Should the entries contain pictures, leave them out and return exactly the lines from the first through the line holding "CHANEL Silver Metallic".

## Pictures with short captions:
- Opening Delimiter -

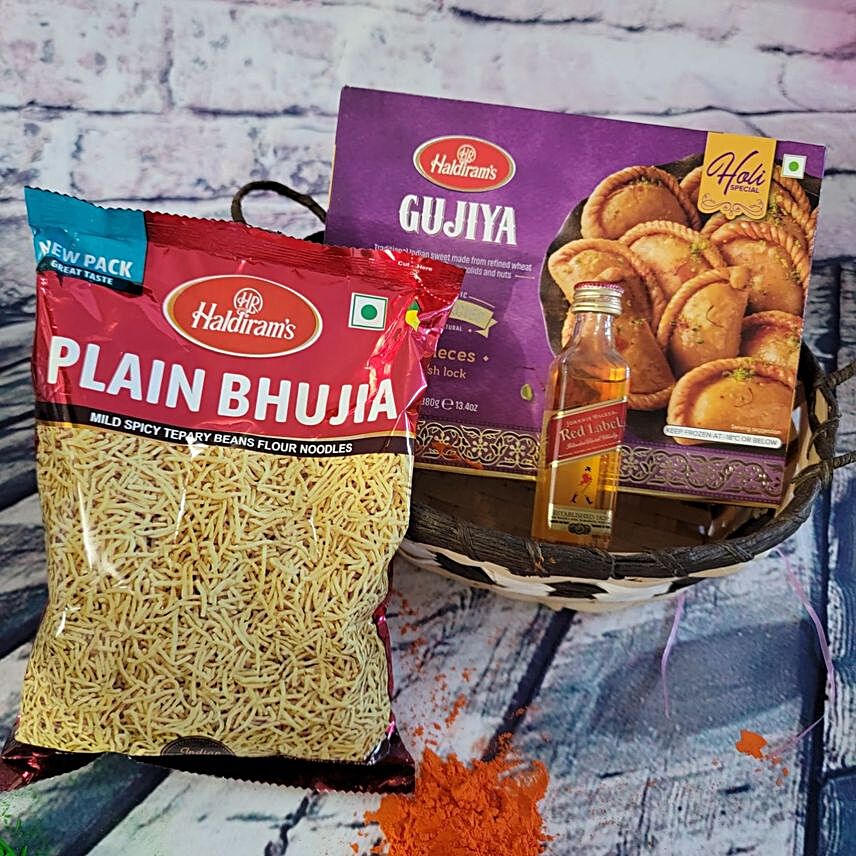 Happy Holi Sweet And Savoury Gift Combo:All Gifts USA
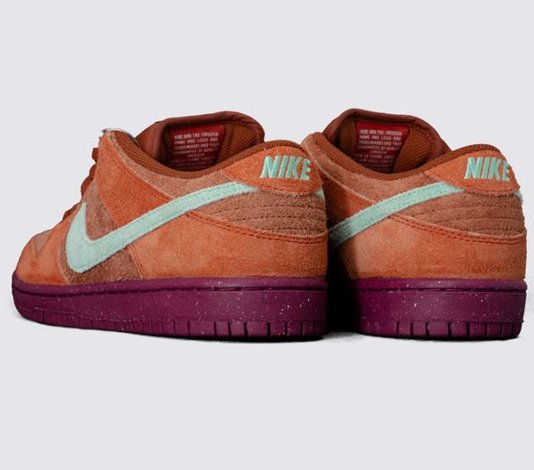 Tênis Masculino Nike SB Dunk Low Pro PRM - Mystic Red/Emerald Rise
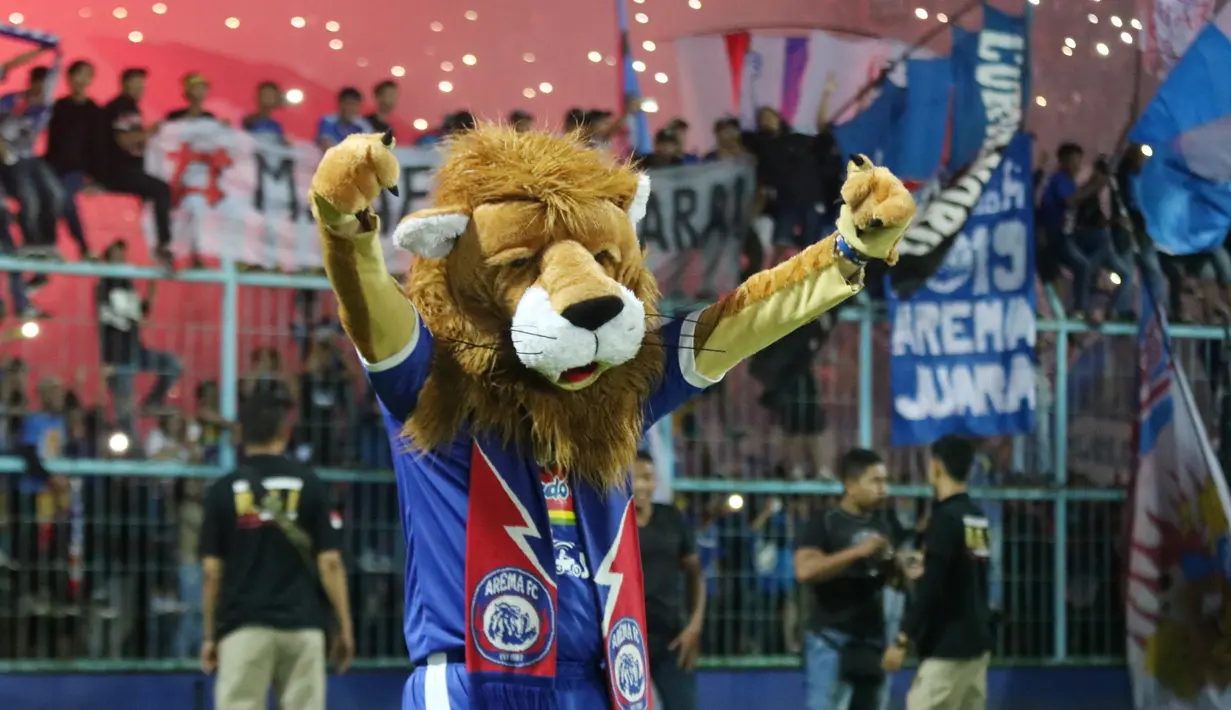 Aremania merayakan gelar juara Piala Presiden 2019 usai menaklukkan Persebaya Surabaya di Stadion Kanjuruhan, Jumat (13/4). Arema FC menang 2-0 atas Persebaya. (Bola.com/Aditya Wicaksana Wanyprahara)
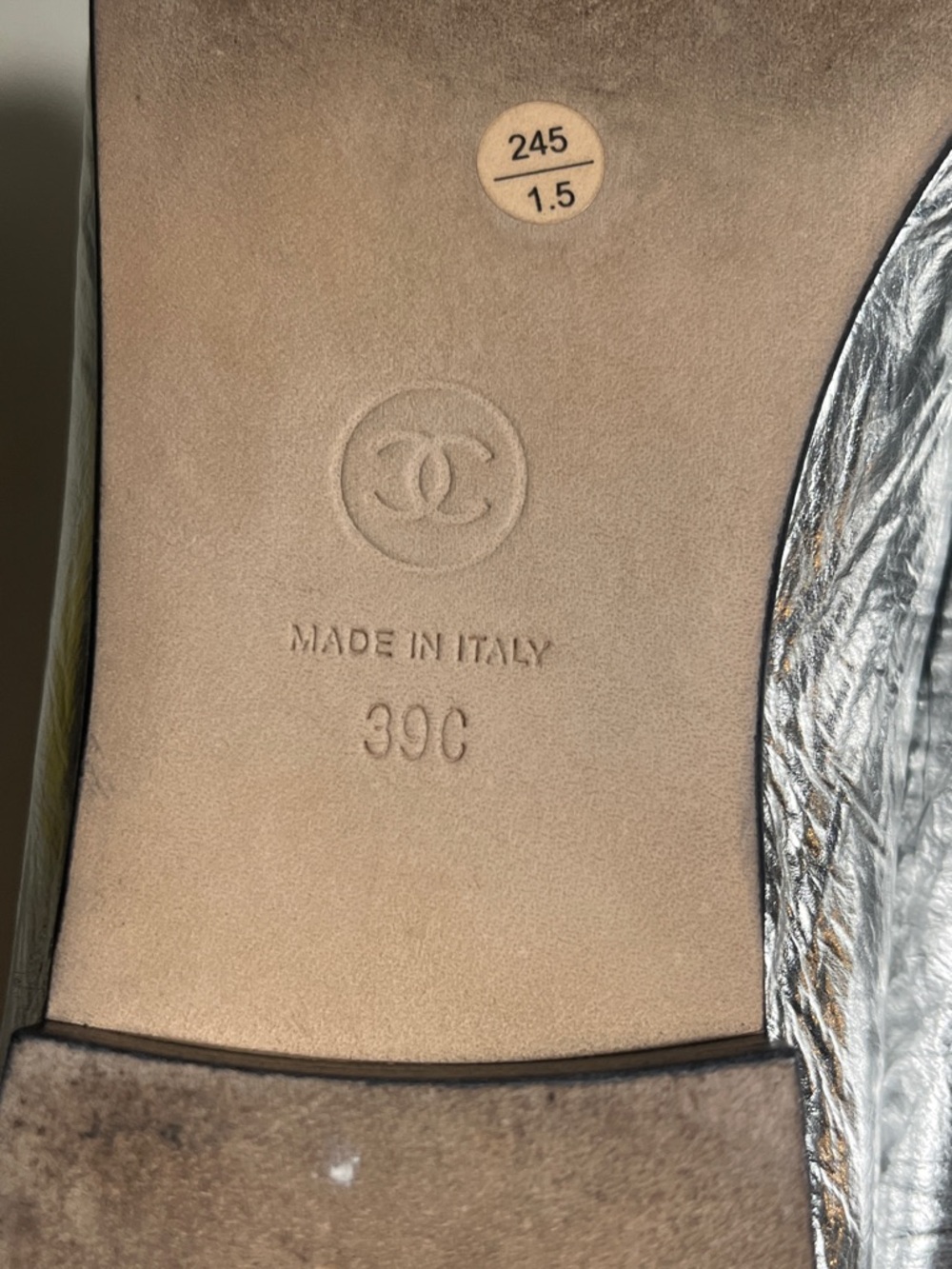 CHANEL Silver Metallic Leather Ballet Flats with Black Cap Toe - Picture 7 of 10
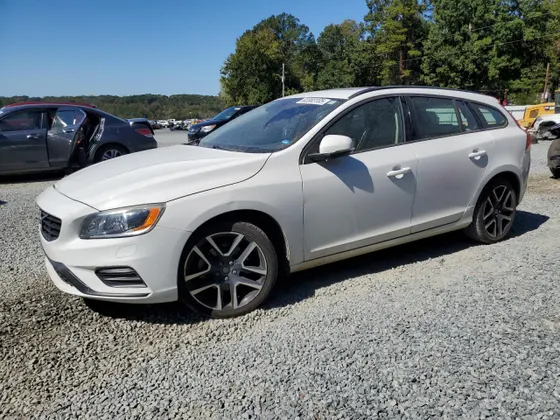 2018 Volvo V60 Dynamic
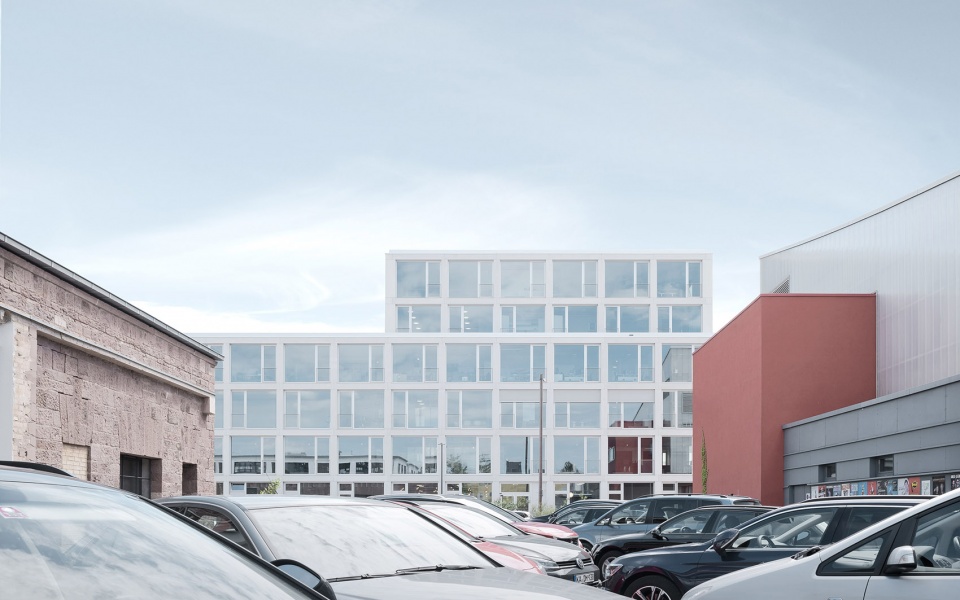 fux festigungs und expansionszentrum by birk heilmeyer und frenzel architekten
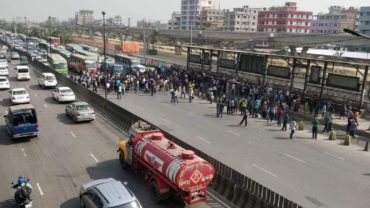 বাস সংকটে সড়ক অবরোধ করে যাত্রীদের বিক্ষোভ আজও গণপরিবহন সংকটে নাকাল সাধারণ মানুষ
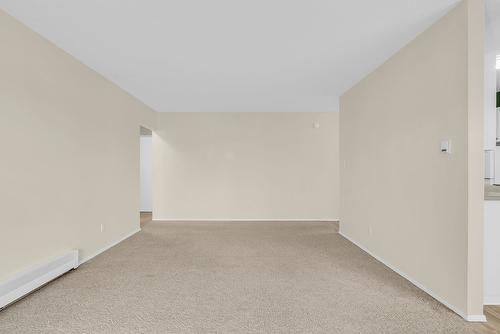 301-150 Scarboro Road, Kelowna, BC - Indoor Photo Showing Other Room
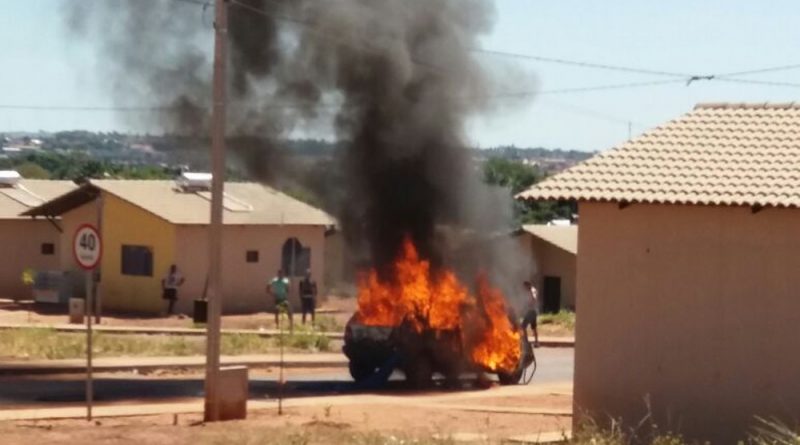 Mulher coloca fogo no carro do marido após flagrá-lo com outra, no TO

- Closing Delimiter -

## YOUR SOLUTION:
 Happy Holi Sweet And Savoury Gift Combo:All Gifts USA
 Tênis Masculino Nike SB Dunk Low Pro PRM - Mystic Red/Emerald Rise
 Aremania merayakan gelar juara Piala Presiden 2019 usai menaklukkan Persebaya Surabaya di Stadion Kanjuruhan, Jumat (13/4). Arema FC menang 2-0 atas Persebaya. (Bola.com/Aditya Wicaksana Wanyprahara)
 CHANEL Silver Metallic Leather Ballet Flats with Black Cap Toe - Picture 7 of 10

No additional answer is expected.